# Five gallon bucket



## Nameless (Jan 8, 2012)

Curious question first. If you have a filter for a five gallon tank, can you put that in a five gallon bucket and keep a fish in there? Not that I plan on doing that, because I need my five gallon bucket for a different purpose. It just struck me as I was staring at the bucket and I was just too curious.

ANYWAY! I have this five gallon bucket, you see? I decided to use it to keep fresh water in a few days before it goes into the tank/bowls, as I can leave the lid off for a day to assist the water conditioner, and then leave the lid on for the remaining days so that it can reach room temperature.
My question is, how do I know when I have reached five gallons? Is the five gallon mark at the rim of the bucket, or further down to ensure that whoever was using it wouldn't spill it all over the place once they picked it up?


----------



## OhYesItsMe (Oct 1, 2011)

well, if u put in like 4.5 gals of water and had a filter and heater, im sure you could keep a betta fish in there easily


----------



## emc7 (Jul 23, 2005)

There is a line on some. There is one from home depot with a soft handle and measure marks. its my favorite bucket. I keep looking for more. Most hold 5 at something like "the second rib" and hold 6 or a little more "to the brim". In theory, a 5 gallon filter will work. In practice, it depends. A sponge or box works well for pre-treatment and emergency fishkeeping, but most "hang on backs" won't hang on something round and many canisters have to be a certain distance below the "tank".


----------



## Nameless (Jan 8, 2012)

Hmm, so it is possible. =)

I found two extra 'rims' I think. One on the outside that is lower than the little depression on the inside that is higher. Urg... I tried to use a gallon jug five times to fill it up, but those still hold more than a gallon so I cannot tell where it is supposed to end... Hmm.
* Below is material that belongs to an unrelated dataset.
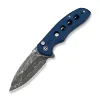 Складной нож, CIVIVI, Triptych C23085B-DS1, дамасская сталь 2.97 дюйма, рукоять Canvas Micarta синяя, замок Button Lock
EDIT: question number three, is it okay to get dog hair in the water? I have the lid off of it for now, of course, and my dog went over to investigate. I told him to leave it and he did, but my sister decided she was going to put a towel over it to keep him from doing it again. Even though I said no three times and that the towel would end up drooping into the bucket. She did it anyway, and now there are dog hairs floating at the top of the water from the towel. I got most of it out with a net, but there might still be some in there. Dogs how oils on their hair, will that be okay for the fish? the bucket is really heavy and I don't think I could raise it high enough right now to get it over the sink without ending up spilling it all over the floor. Sisters... -_-


----------



## emc7 (Jul 23, 2005)

I just dechlor for 7 gallons and fill it as high as I can and still get in a pitcher.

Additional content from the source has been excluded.